After all, Gov. Phil Murphy promised repeatedly in his campaign that once elected PARCC would be history. His education commissioner moved on that promise, announcing that the PARCC name would be jettisoned. And use of the contentious test would be significantly reduced, starting this year.
Then came yesterday, and suddenly it’s “Maybe not so fast.”
Expected to essentially give the nod to getting rid of PARCC, the state Board of Education yesterday took the unusual step of holding off the vote that would have limited the online test in high school and lessened reliance on it as a graduation exit exam.
Board president Arcelio Aponte joined Education Commissioner Lamont Repollet in announcing at the opening of the monthly meeting that the issue needed more discussion, and the board would postpone the vote until next month.
Not enough votes to carry the day?
And while few would say so outright, it was clear that the proposal didn’t have the votes or it would be very close, something the Murphy administration surely wouldn’t want to risk.
“There was still a lot of questions from the board members, and a lot of information the department still needed to provide us,” Aponte said afterward in an interview. “I can’t say where the vote was going to land.”

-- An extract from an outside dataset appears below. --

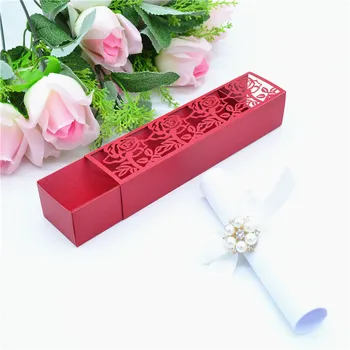 

Red rose elegant wedding invitation box laser cut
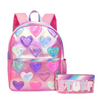 OMG Metallic Large Backpack with 'Stuff' Clear Pencil Pouch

Still, Aponte said there wasn’t going to be a long delay, and he hoped the board would vote next month and give districts enough time to adjust their plans for this school year — if the motion carries.
“I will say the discussions are beneficial to the board and the department,” he said. “I don’t know where we are going to land at the next board meeting … At some point, we are going to have to take a vote, and either way, the districts will have our decision and we’ll move on.”
A heritage of unhappiness
The issue has been one of the most bitterly contested to come before the board in years, dating back to PARCC’s implementation under former Gov. Chris Christie.
Just as there was significant pushback about implementing the new online tests and raising the stakes for students and teachers, there has been equally vociferous debate as Murphy has sought to scale PARCC back.
Specifically, the administration wants to eliminate two of the three years of testing in high school — including for geometry and Algebra 2 — and provide more paths for students to graduate without passing the tests. There would be the same number of elementary and middle school tests, although they would be shorter and provide less data on students.
Separately, the administration also virtually eliminated the use of the testing as a measure for teacher evaluations for this year.
The tension was evident yesterday by the size of the crowd at the department’s headquarters, and the appearance of a few State House celebrities not often seen at the meetings, including Murphy’s education advisor Cary Booker and state Sen. Teresa Ruiz (D-Essex), the powerful chair of the Senate education committee.
In fact, it was Ruiz’s first time speaking at a state board meeting in her 12 years in office, she said, and it proved a momentous one. She has been critical of the proposed changes, saying PARCC testing was an important gauge of student and teacher performance. She sponsored the teacher tenure reforms that included the testing as a measure.
Yesterday, she greeted the announcement of a delayed vote with an “amen,” as she stood to speak to the board and air her concerns. Afterward, she said further deliberation was welcomed, and her committee would be holding a hearing next Monday to hear directly from Repollet and the administration.
“I think this gives us an opportunity to come up with the best plan,” Ruiz said in an interview. “I’m in favor of change all the time. We should be changing the mark. But it should be moving it up, and not staying in one place or even lowering the bar.”
“These policies that were being made were based on the high-performing high school student, and not the students that I necessarily represent,” she said. “By taking those testing components out, we are losing the windows of opportunity to have a deep view of where the child is learning.”
NJEA disappointed with delay
But there were equally clear expressions of regret with the delay, including from top officers of the New Jersey Education Association, the teachers union that has been PARCC’s chief critic since its inception.
“I am disappointed they didn’t vote on it, but I am still hopeful they will get (the changes) done,” said Marie Blistan, the NJEA president, in an interview. “It’s the right thing to do, it’s based on facts and evidence … It will give us time to look at other things than just standardized test scores, which really just test on two things.”
Sean Spiller, the NJEA’s vice president, said he appreciated the further discussion, but not for too long. “I hope there is still time to make this happen, but it is a concern that it could be too late (for this year),” he said.
Commissioner Repollet was the last to speak.
Sounding defensive about his proposal, he said his plan was only to reduce the testing by four exams over the course of a student’s career, and it still pursues keeping the bar high for students going forward.
“I want to be clear to the board and to the public that we are not changing standards, we are not changing high-quality assessment,” he said. “We are not even changing graduation requirements.”
“We are talking about a progressive, innovative, educational system, where we think about what is going on in the building and the classroom, and we build from there,” he said.